◆ Task requirements
Each line in the material below must be transcribed exactly; no picture belongs in the copy.

Segment Start: Collected material

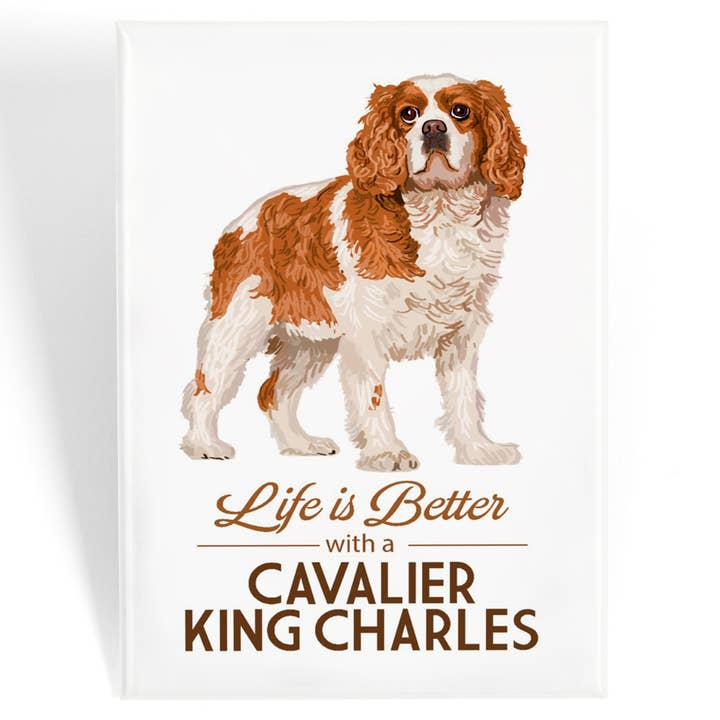 Lantern Press - Wholesale Magnet - MAGNET Cavalier King Charles, Life is Better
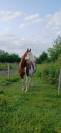 ​? PAINT HORSE APHA &ndash; Mont&eacute;e, Mod&egrave;le porteur 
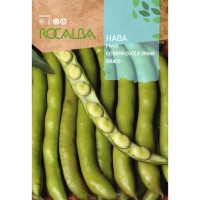 S.FAVA ROCALBA EXTRAPRECOCE A GRANO BIANCO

Segment End: Collected material

◆ Answer for the task
 Lantern Press - Wholesale Magnet - MAGNET Cavalier King Charles, Life is Better
 ​? PAINT HORSE APHA &ndash; Mont&eacute;e, Mod&egrave;le porteur 
 S.FAVA ROCALBA EXTRAPRECOCE A GRANO BIANCO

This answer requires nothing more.